The fund house, which has assets under management of $52.2bn, reported profits before tax of £121.5m, far ahead of the consensus analysts’ expectation of £90.6m.
The emerging markets specialist also reported a 24 per cent rise in net revenues to £144.1m, benefiting from the stronger US dollar and a rise in performance fees paid by investors.
It maintained its interim dividend at 4.55p.
In a trading update in January, the company said its assets under management had fallen in the three months to the end of December, after investors retreated from emerging markets following Mr Trump’s election as US president.
The fund house had been hurt by investor jitters that Mr Trump’s plans to cut taxes and boost infrastructure could drive up interest rates and bond yields, hitting emerging markets in the process.
But Mark Coombs, chief executive officer at Ashmore, said investor sentiment towards emerging markets has improved again this year, following a rally during the first 10 months of 2016.

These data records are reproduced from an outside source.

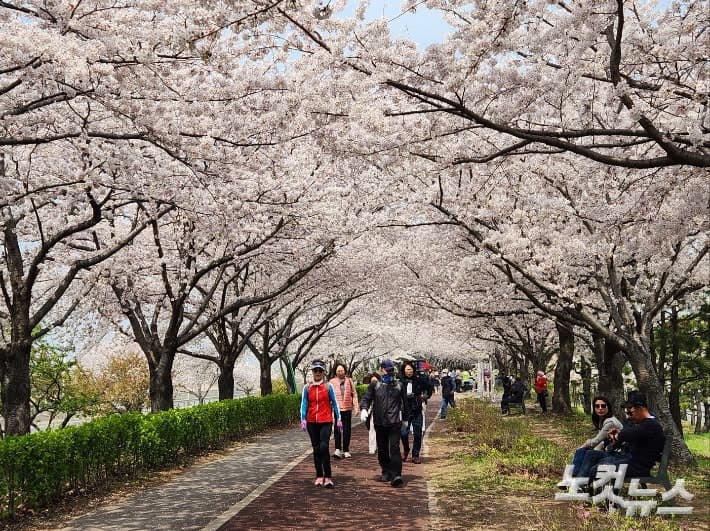 “가성비 세계 1위” 부산, 日 골든위크·中 노동절 겨냥 글로벌 마케팅 추진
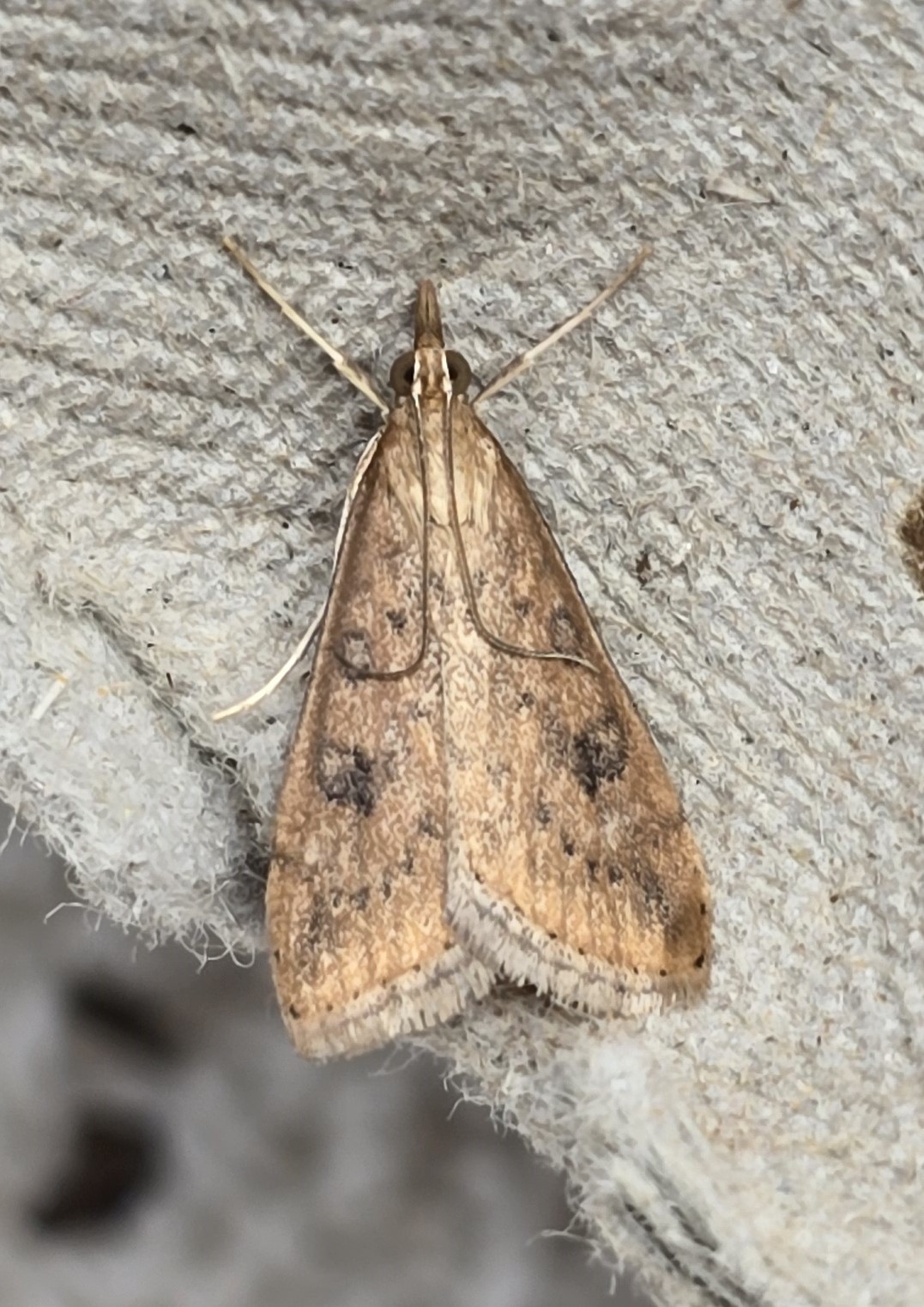 Photo of Rusty-dot Pearl (Udea ferrugalis)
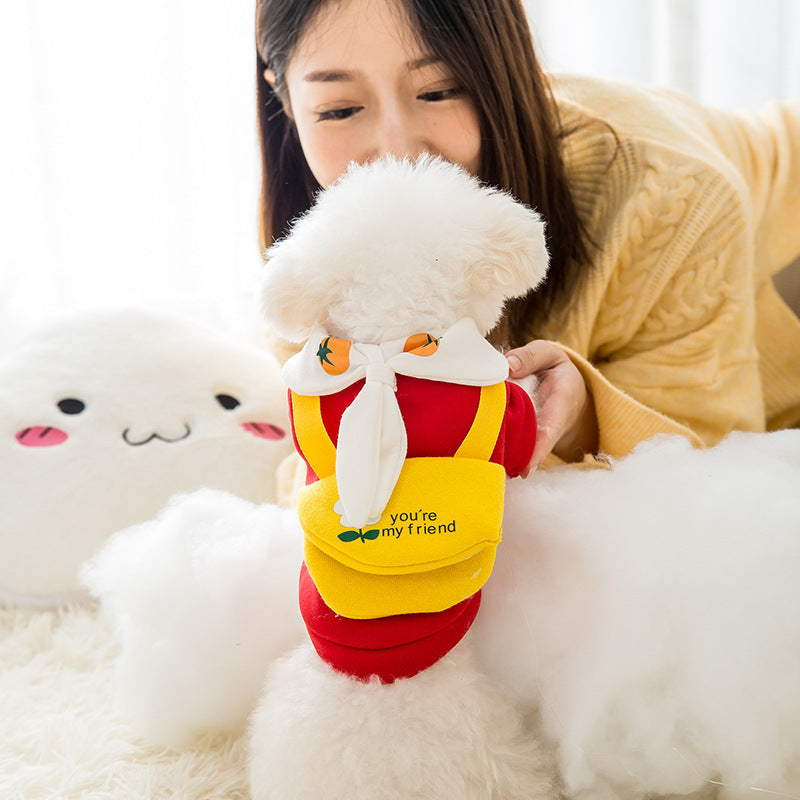 Pet clothes with cute prints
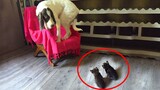 DOG and CAT, Love or hate Compilation of funny cats and dogs for a good mood! 🤣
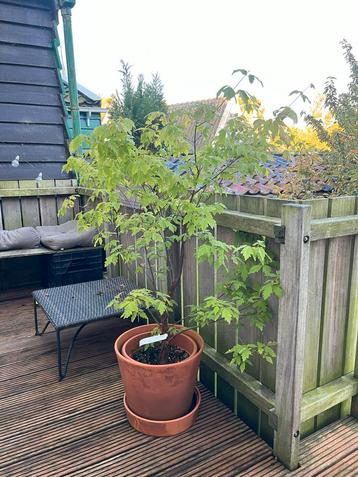 Papieresdoorn (Acer griseum) - Bijzondere boom! beschikbaar voor biedingen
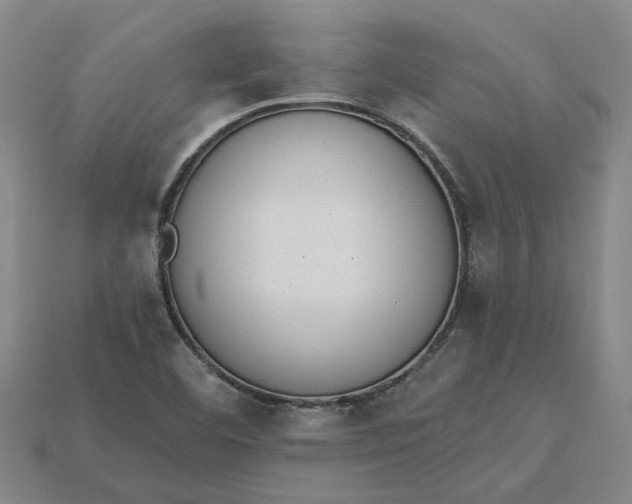 X0000115231460200911131634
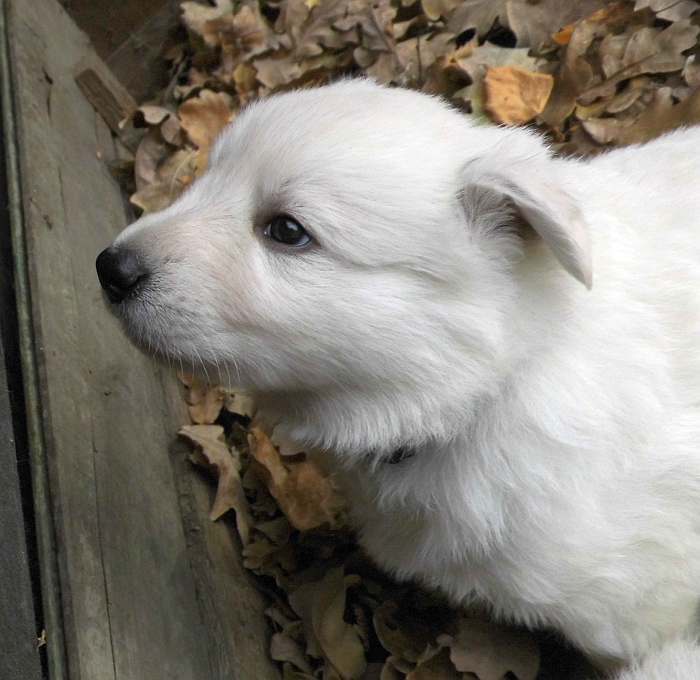 weisser Schferhundwelpe von den Grenzgngern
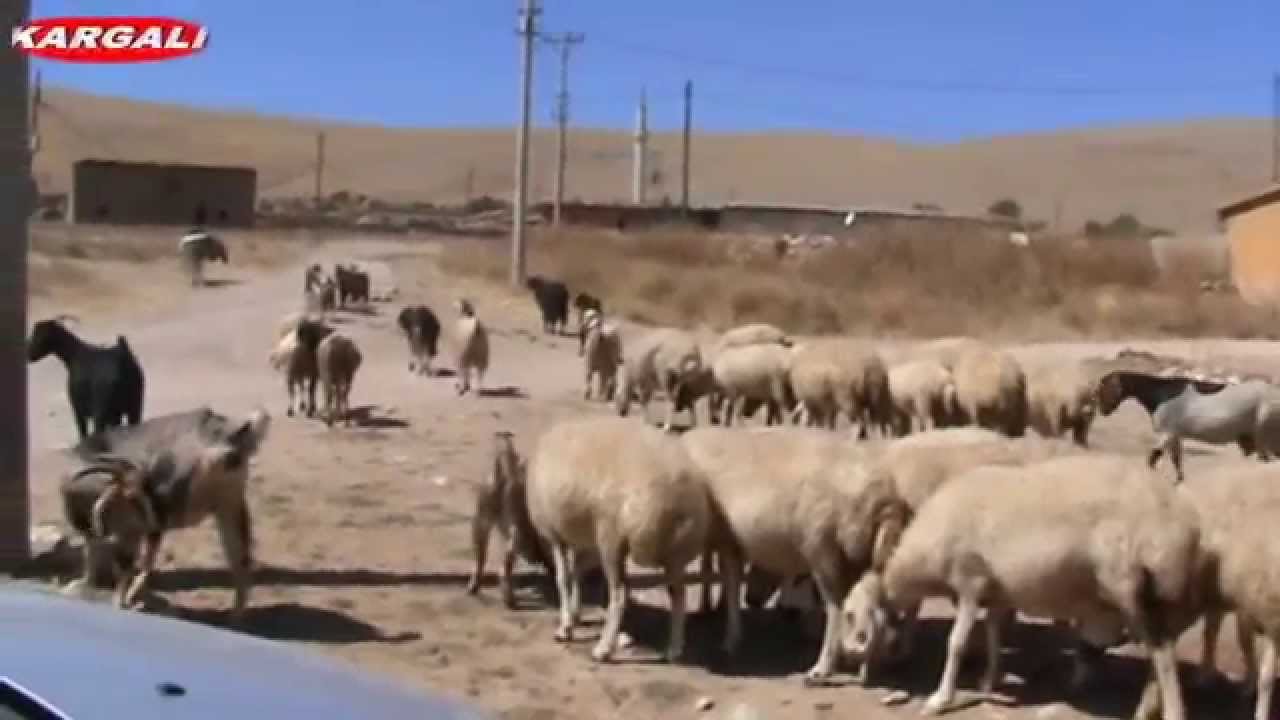 KARGALI KÖYÜ KONYA. ÇAN SESİ.(ÖZGUUN) VİDYO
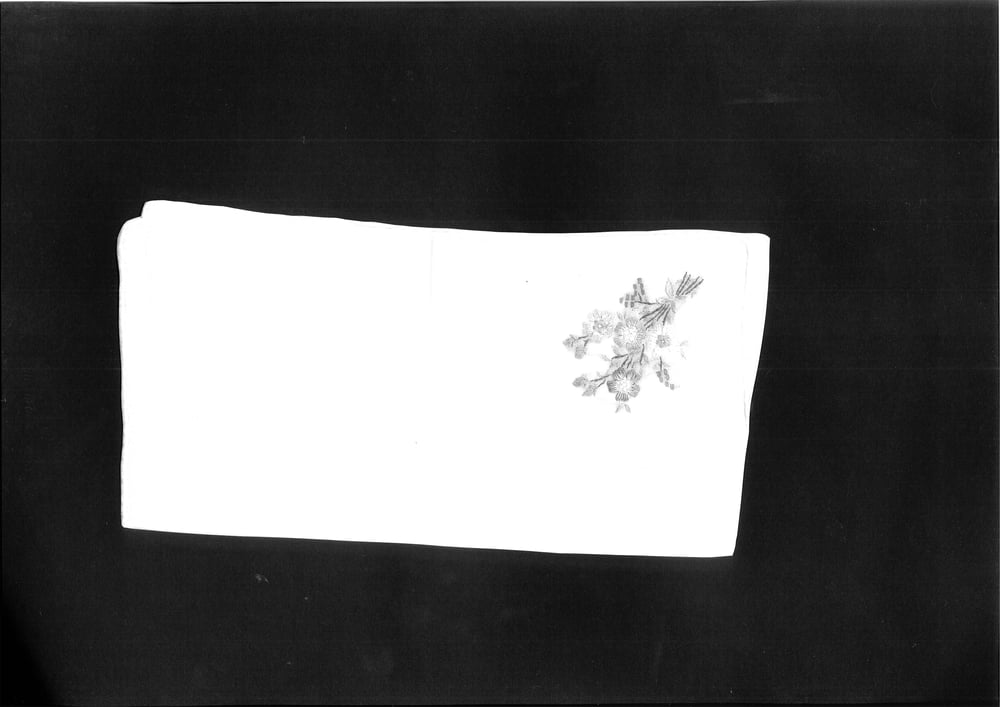 Amalia Pica, <i>Farewell (unique photocopies)</i>, 2009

“While the US election outcome interrupted the improvement in sentiment towards emerging markets, the effect has been short-lived with asset prices strengthening into 2017,” he said.
The group’s share price rose 50 per cent in the first 10 months of 2016 as investors bet that it would benefit from a rally in emerging markets. But it fell again following Mr Trump’s election in November and ended the year up 11 per cent.
The company also reported an improvement in performance, with 91 per cent of its assets under management outperforming benchmarks over one year, and 81 per cent over three years.
Peter Lenardos, analyst at RBC, the bank, says: “We continue to believe that Ashmore is a best-in-class operator in a challenged asset class, emerging market fixed income.”
The fund house has failed to attract investor inflows for 10 consecutive quarters, but has hinted that it expects new money to return before the end of its financial year in June.
Last month, Ashmore said that it had suffered $700m of outflows during its second quarter to the end of December.
According to Moringstar, the data provider, investors put $65.7bn into emerging market-focused funds during 2016, after several years of shunning the asset class.